If food is foreplay here, the ‘civil war’ erupting on the streets outside acts as a comic frightener, pushing you into his embrace: ‘Hear that — wasn’t it a gunshot?’ Grant (or is it Tony Curtis parodying Cary Grant?) has got you. But who cares? Cary Grant is Cary Grant, and with all that anarchy out there, you are better off indoors. The end-of-the-world seduction he practices is wild but Catch-A-Thief elegant.

You might start a Sweeney poem with a joke, or a caress. Often, you begin in all innocence, but you never end that way. Take ‘Black Beams,’ which starts off as a straight-laced library tour? and finishes somewhere else entirely, with a close up of a computer monitor on which a young woman is

instant-messaging her lover
who’s undressed her,
and is pouring honey on her,
and she’s writing This is crazy, but go on!
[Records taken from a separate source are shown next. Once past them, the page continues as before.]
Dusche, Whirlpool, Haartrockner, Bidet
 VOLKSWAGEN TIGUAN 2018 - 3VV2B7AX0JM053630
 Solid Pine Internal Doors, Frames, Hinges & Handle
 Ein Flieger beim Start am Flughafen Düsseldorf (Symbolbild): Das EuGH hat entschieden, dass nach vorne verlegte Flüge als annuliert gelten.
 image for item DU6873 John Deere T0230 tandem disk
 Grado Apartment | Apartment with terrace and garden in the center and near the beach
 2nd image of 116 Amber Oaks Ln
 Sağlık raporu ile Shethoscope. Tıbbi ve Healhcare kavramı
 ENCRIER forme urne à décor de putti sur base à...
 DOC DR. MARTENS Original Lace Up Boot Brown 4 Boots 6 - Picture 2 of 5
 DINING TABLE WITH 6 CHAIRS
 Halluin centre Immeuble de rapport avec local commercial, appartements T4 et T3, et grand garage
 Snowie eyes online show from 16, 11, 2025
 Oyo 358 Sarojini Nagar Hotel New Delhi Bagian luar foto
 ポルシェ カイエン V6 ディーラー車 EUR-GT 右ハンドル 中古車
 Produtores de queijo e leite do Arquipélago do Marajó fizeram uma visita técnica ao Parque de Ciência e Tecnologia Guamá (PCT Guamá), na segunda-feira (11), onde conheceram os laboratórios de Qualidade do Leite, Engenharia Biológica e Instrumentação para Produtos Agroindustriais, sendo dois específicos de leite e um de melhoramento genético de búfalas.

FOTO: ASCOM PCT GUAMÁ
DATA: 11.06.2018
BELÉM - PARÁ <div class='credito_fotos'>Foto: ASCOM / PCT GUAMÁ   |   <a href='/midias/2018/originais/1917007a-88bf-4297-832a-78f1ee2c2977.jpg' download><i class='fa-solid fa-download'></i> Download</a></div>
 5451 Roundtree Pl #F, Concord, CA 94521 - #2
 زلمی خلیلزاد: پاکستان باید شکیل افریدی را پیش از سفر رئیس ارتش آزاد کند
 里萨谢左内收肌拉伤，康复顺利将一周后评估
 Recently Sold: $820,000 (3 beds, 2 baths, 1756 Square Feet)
So where are you? In a state of erotic shock, that’s where. The library has melted away and you’re on your own with one of Sweeney’s seducers, even though you swore you wouldn’t stay this long. This time, you’re lucky: there isn’t a gun to your head. It could all so easily have been different, and in the next few seconds it might be. Death and chaos or ‘tiny red flowers’? Who knows? But don’t worry, he won’t keep you forever. He doesn’t have to. He knows that you’ll be back of your own accord. Look! The key’s under the mat. It’s left and down the stairs. The bottle’s open and the wine’s relaxed and waiting. And no, that isn’t a shadow among the blue shadows in the corner of the room. You must keep still. Don’t turn round just yet. Don’t even breathe. He’s close, so very close behind you.